(WHAT THE TASK ASKS): Everything from the line containing "iPad-Hülle - Terrasse" through the final line below must be output exactly, both ends included, with nothing else and no pictures.

** DATA EXTRACTS follows **

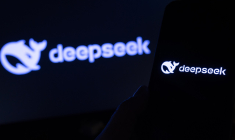 Le logo de la société d'intelligence artificielle chinoise Deepseek. (Crédits: Adobe Stock)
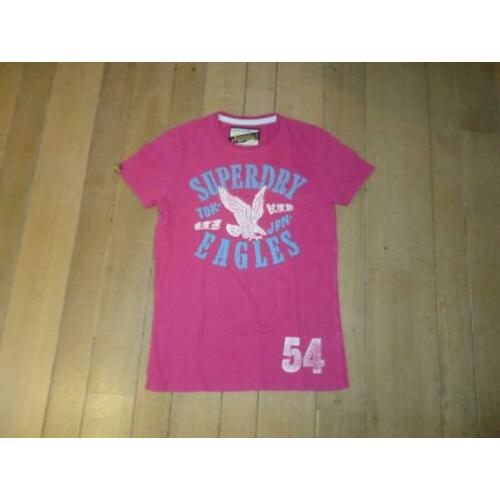 64. Superdry japan t-shirt maat s, 46 origineel
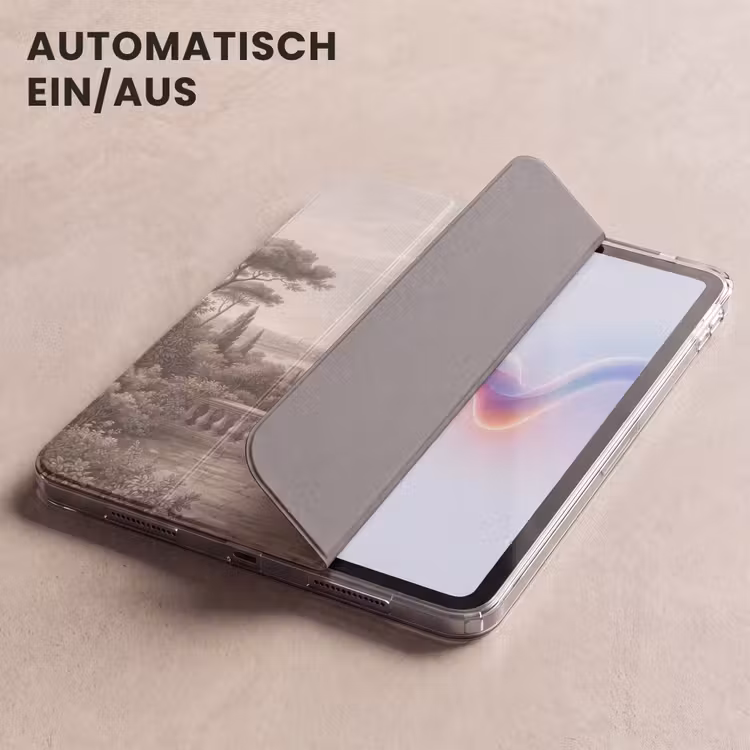 iPad-Hülle - Terrasse - Stadt - Ausblicke - Fluss — 5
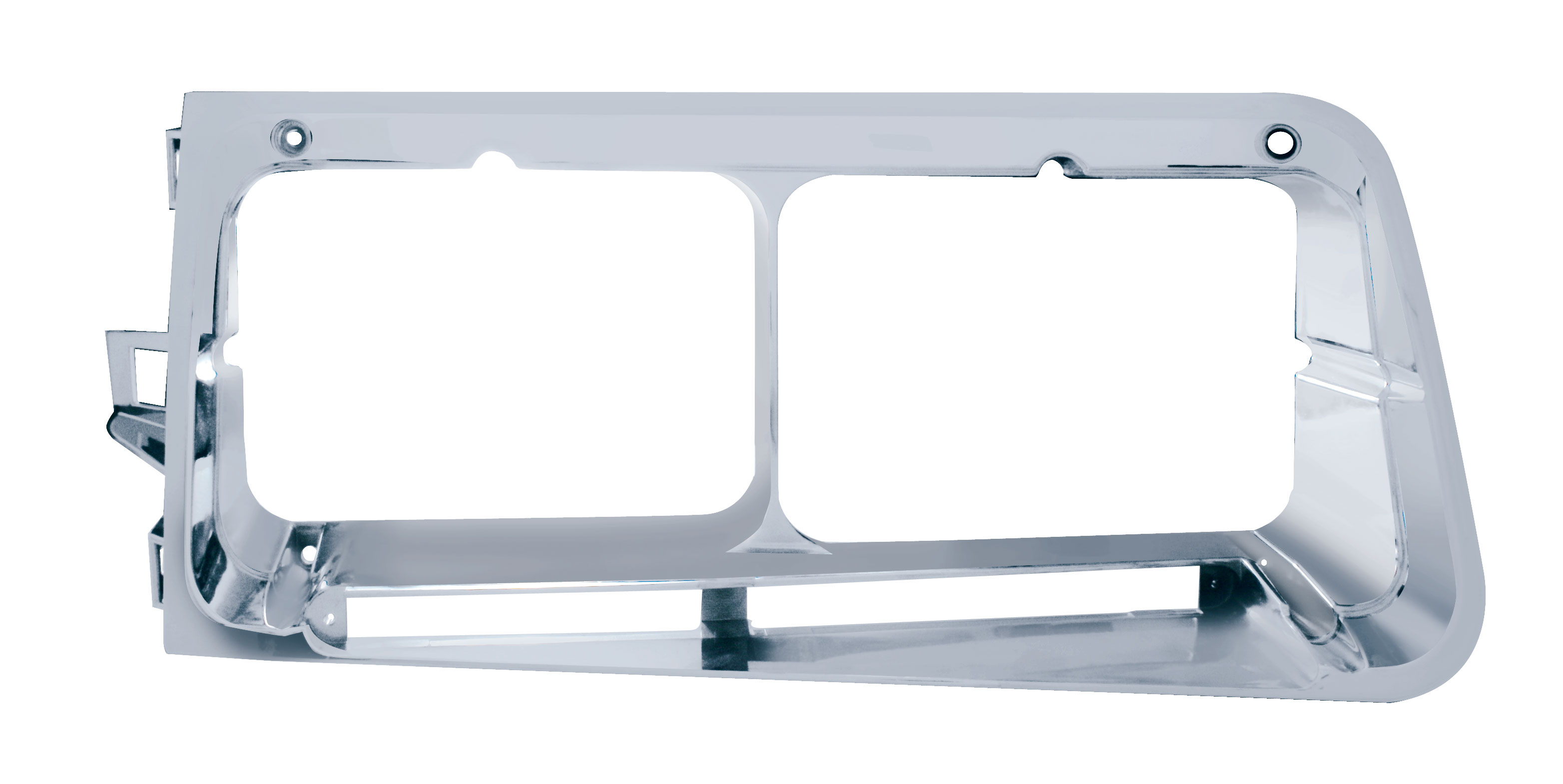 Led Freightliner Fld Headlight Bezel With Led Cuto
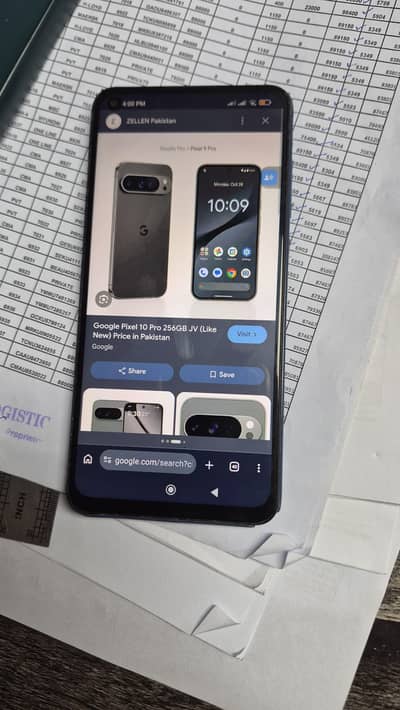 Xiaomi Redmi Note 9 4+2 128 OFFICIAL PTA APPROVED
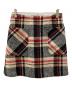 BURBERRY BLUE LABEL（バーバリー ブルー レーベル）の古着「ミニスカート」｜ブラック
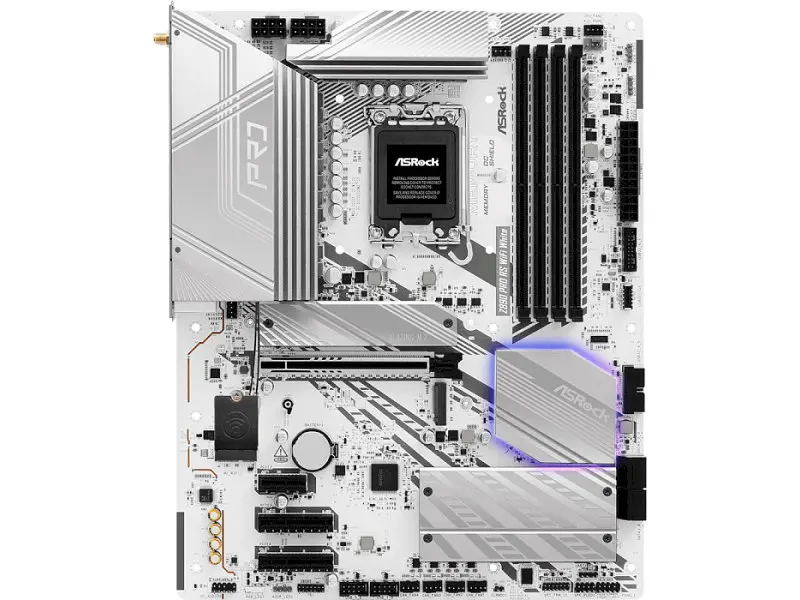 Материнська плата ASRock Z890 Pro RS WiFi White - фото 5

** End of DATA EXTRACTS **

(RESULT):
 iPad-Hülle - Terrasse - Stadt - Ausblicke - Fluss — 5
 Led Freightliner Fld Headlight Bezel With Led Cuto
 Xiaomi Redmi Note 9 4+2 128 OFFICIAL PTA APPROVED
 BURBERRY BLUE LABEL（バーバリー ブルー レーベル）の古着「ミニスカート」｜ブラック
 Материнська плата ASRock Z890 Pro RS WiFi White - фото 5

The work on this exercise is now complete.